» **Task objective**
A word-for-word copy of the data is what's wanted, with no pictures.

» **The data**

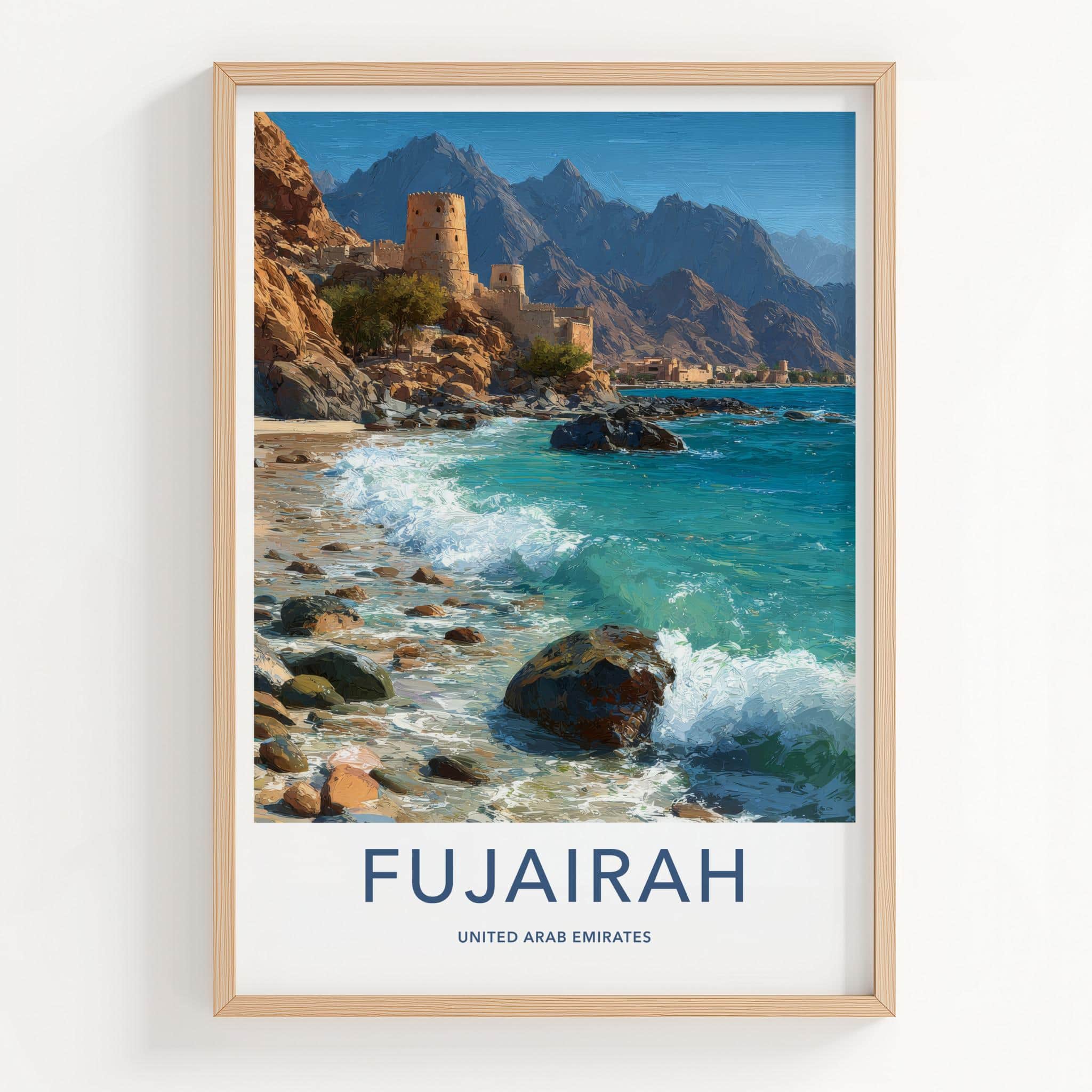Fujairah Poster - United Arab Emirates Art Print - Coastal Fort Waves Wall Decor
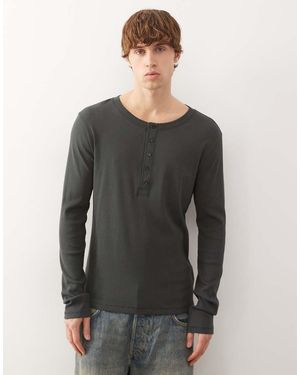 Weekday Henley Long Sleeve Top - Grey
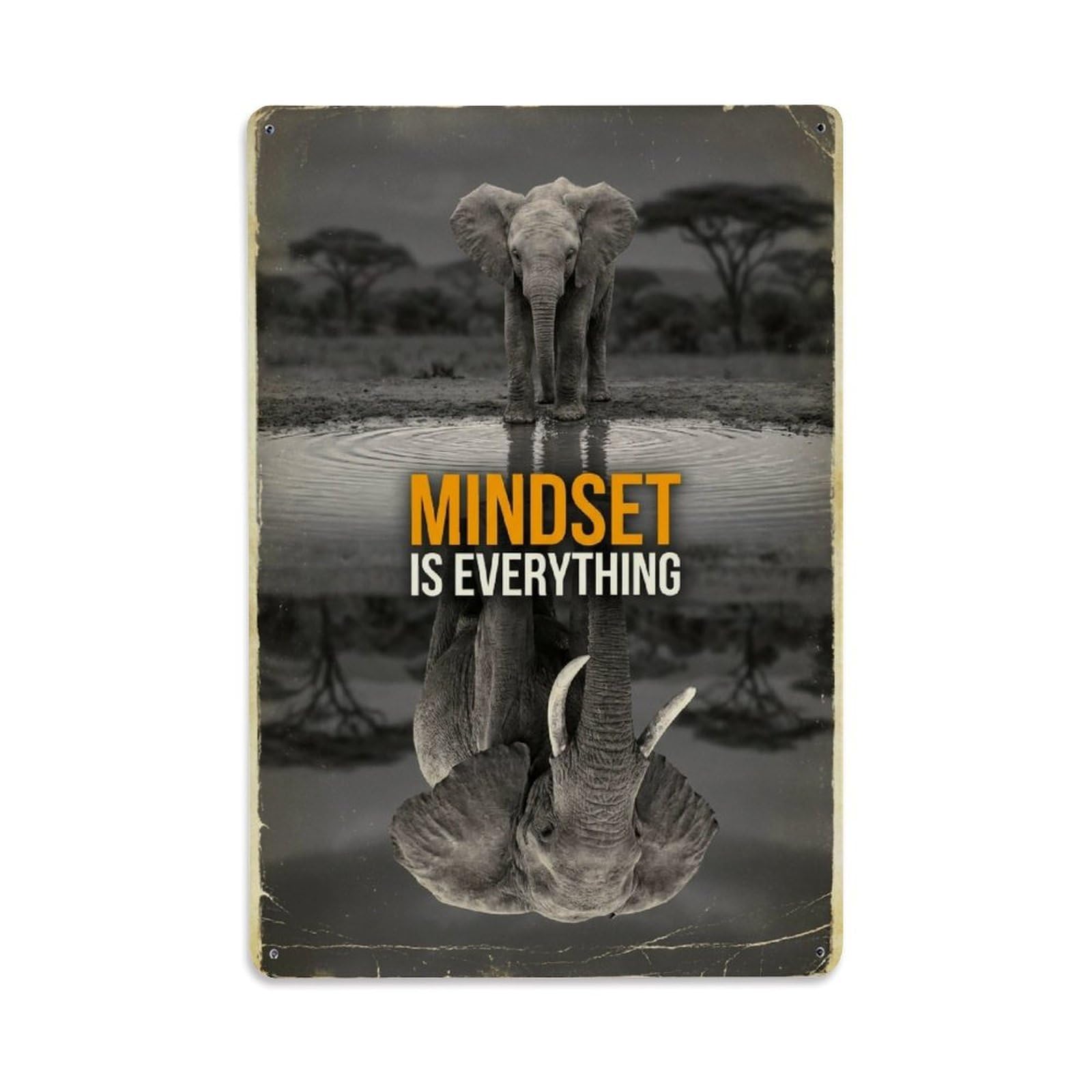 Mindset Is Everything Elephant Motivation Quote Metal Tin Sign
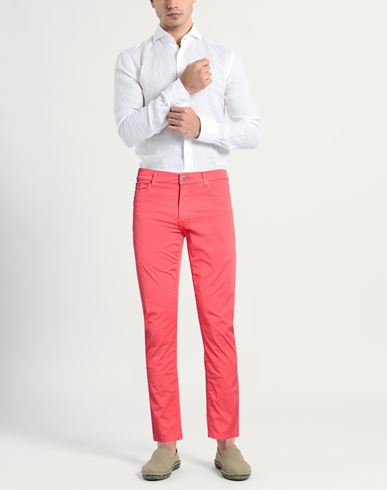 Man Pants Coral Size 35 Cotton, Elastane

» **Solution**
Fujairah Poster - United Arab Emirates Art Print - Coastal Fort Waves Wall Decor
 Weekday Henley Long Sleeve Top - Grey
 Mindset Is Everything Elephant Motivation Quote Metal Tin Sign
 Man Pants Coral Size 35 Cotton, Elastane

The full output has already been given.